For each measurement, queries were manually constructed in the i2b2 Web Client, started, and the run time displayed by the application noted. For each query and optimization method, 2 separate measurements were carried out (returning to the snapshots in between), with the average of both measurements taken as the final value. The queries were constructed to reflect the impact of the optimization methods (e.g. one query combined rare and common data elements to show the effect of query strategy optimization, another query combined low- and high volume data elements to show the effect of partitioning; another query contained modifiers to show the effect of index optimization).

Validation Results

Query strategy optimization (through population of the C_TOTALNUM column) yielded performance improvements of 3x for one query, but led to unchanged or degraded performance in 3 other queries. This effect was surprising and may be related to the assumption that the data element frequencies measured on the overall dataset may no longer be accurate for consecutive query steps, which apply only to chosen subsets of the population.

Index optimization yielded performance benefits of up to 70x and did not lead to performance degradation in any of the queries. The modified indexes however took up 22GB of additional disk space.

The range-based partitioning yielded performance benefits of up to 80x in 3 queries, with degraded performance in one query.

Explicitly updating the table statistics did not lead to any change in performance across all queries. This result may be due to the default setup of the database used in the validation environment, which have led to up-to-date table statistics being present in the base snapshot. This issue was not further examined in our project.

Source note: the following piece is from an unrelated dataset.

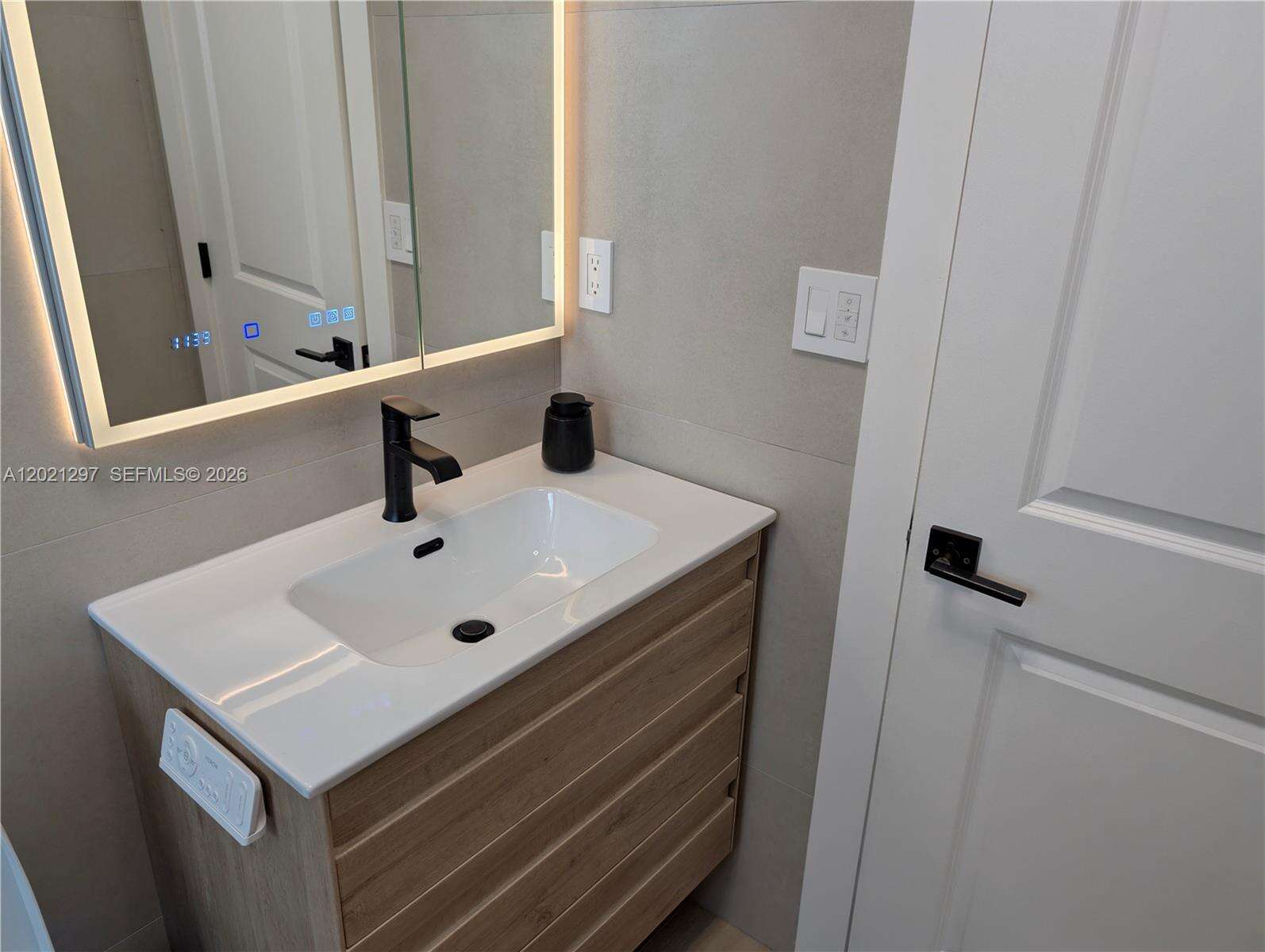 2460 Jackson St, Hollywood, FL 33020 - For Sale photo 19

The combination of all optimizations yielded performance gains of up to 78x across all queries. The slightly diminished yield compared to 80x with partitioning may be due to negative effects of the query strategy optimization.

Conclusions

Index optimization yielded the highest performance gains, which can be achieved with little change to the basic setup of i2b2: only one index needs to be replaced, and data does not need to be reloaded. Also, there is no enterprise or partitioning feature license required for index optimization. Partitioning may provide further performance gains with larger datasets, which was not verified in our project.